◆ **Problem**: Task for the records below: repeat the line containing "Search for blue shade invitations Simple" and every line after it, exactly and with nothing else, but leave out the pictures.

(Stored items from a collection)
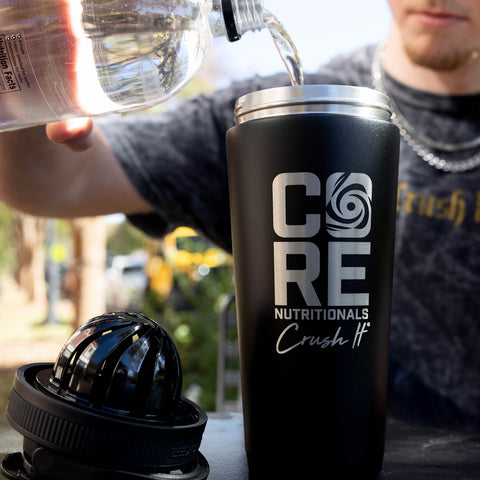 26oz Crush It Ice Shaker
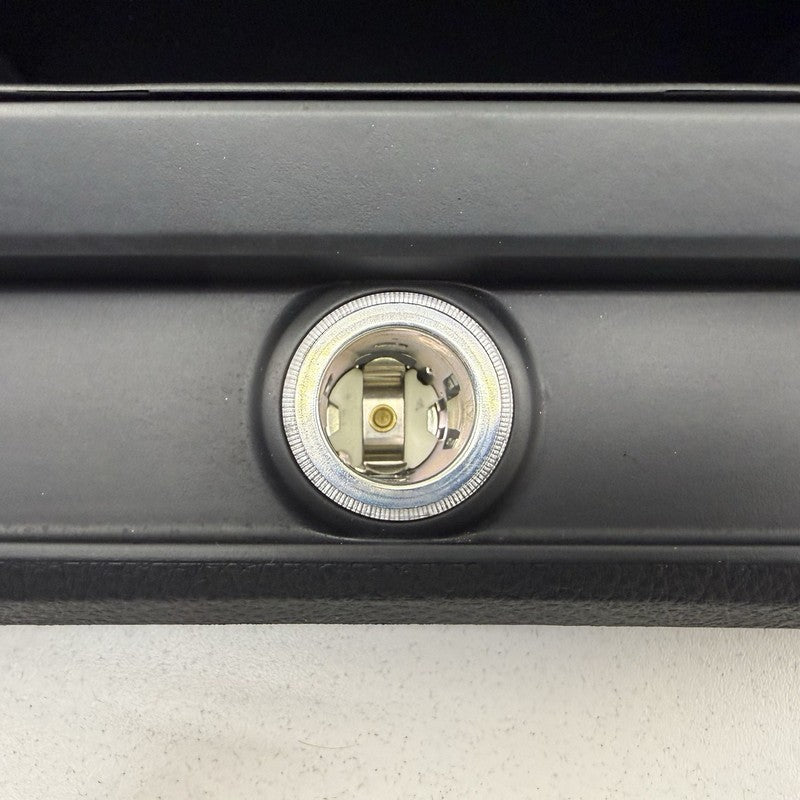 9 304 719 / 9304719 11-16 BMW M5 528 535 550 F10 Rear Console AC Vent W/ Climate Control Switch OEM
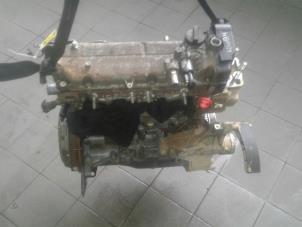 Used Engine Fiat 500 (312) 1.2 69 Price on request offered by Autobedrijf G.H. Wessel B.V.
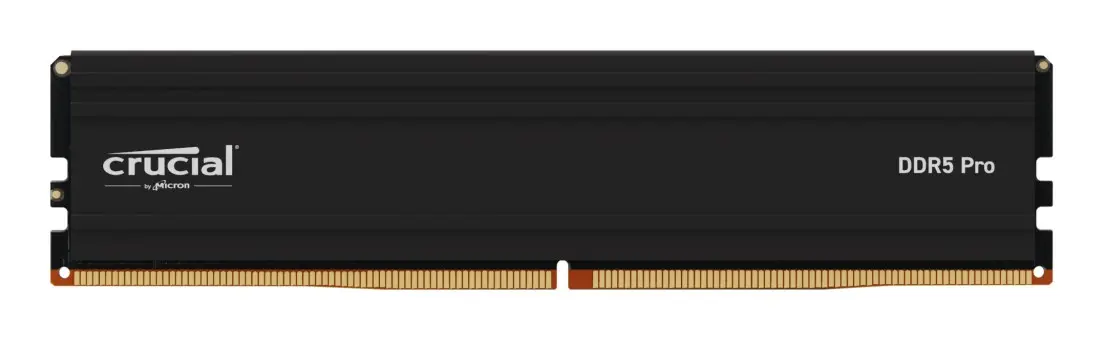 Atmiņas modulis Crucial Pro DDR5 128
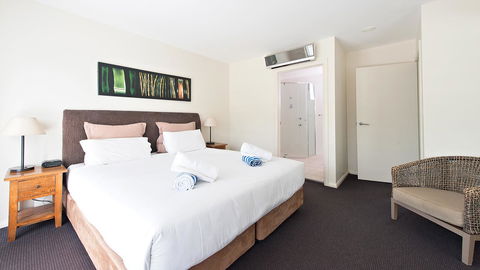 Pacific Blue, Salamander Bay - Hotel Accommodation 18
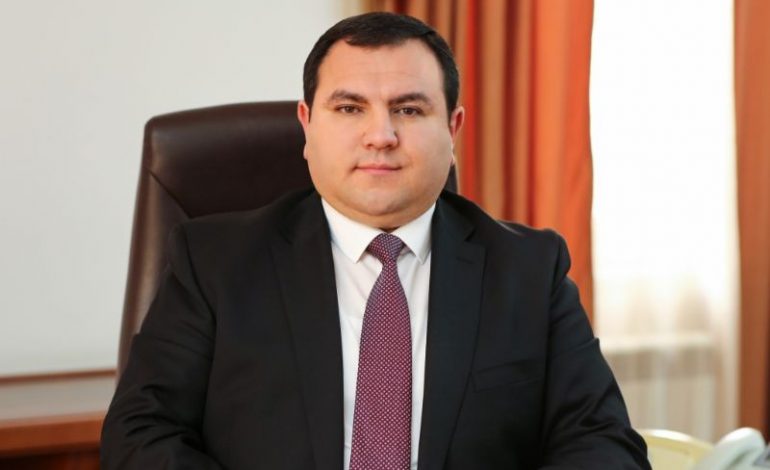 Ստիպված եմ արձագանքել. Արցախի պետնախարար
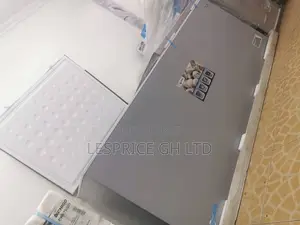 Pearl 708L Chest Freezer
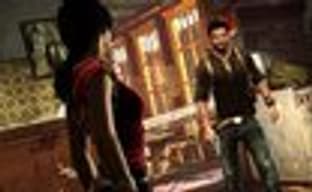 Трейлер Uncharted 2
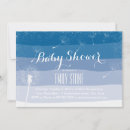 Search for blue shade invitations Simple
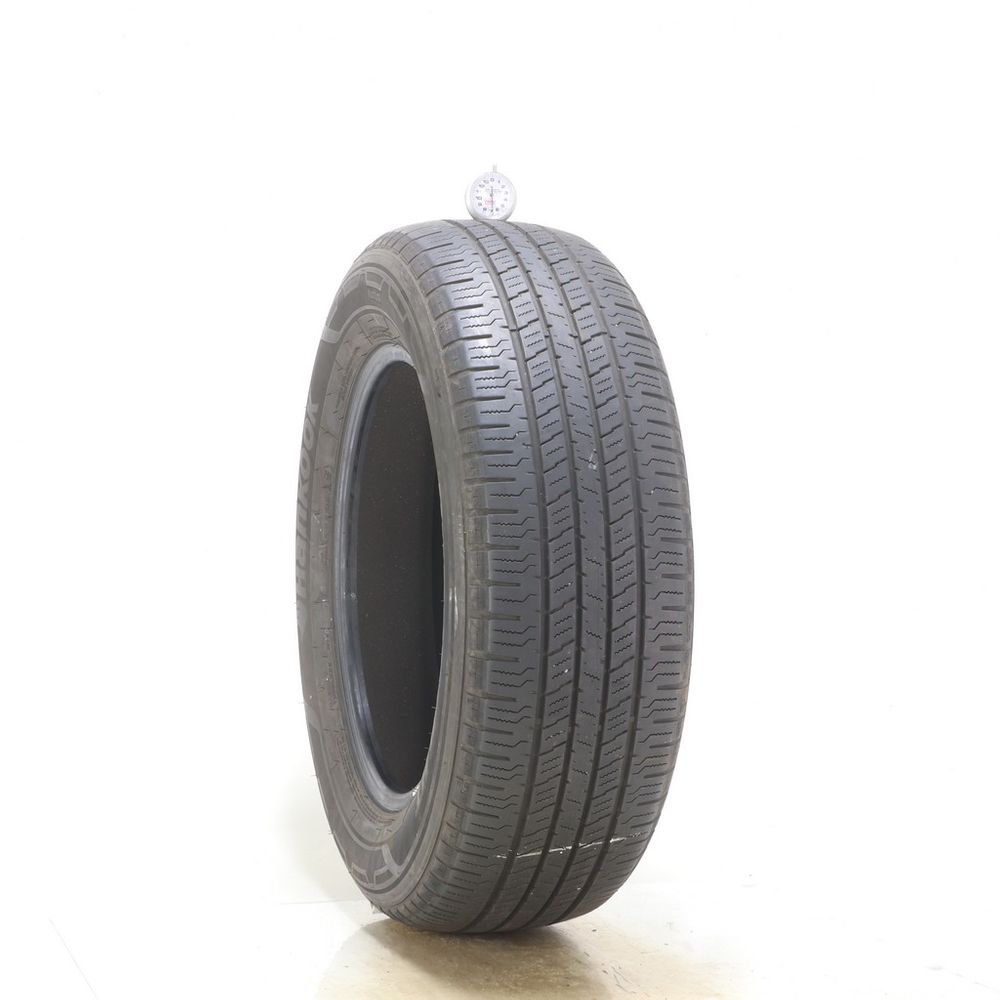 Set of (4) Used 225/65R17 Hankook Dynapro HT 102H - 5-6.5/32 - Image 10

◆ **Output for this exercise**:
 Search for blue shade invitations Simple
 Set of (4) Used 225/65R17 Hankook Dynapro HT 102H - 5-6.5/32 - Image 10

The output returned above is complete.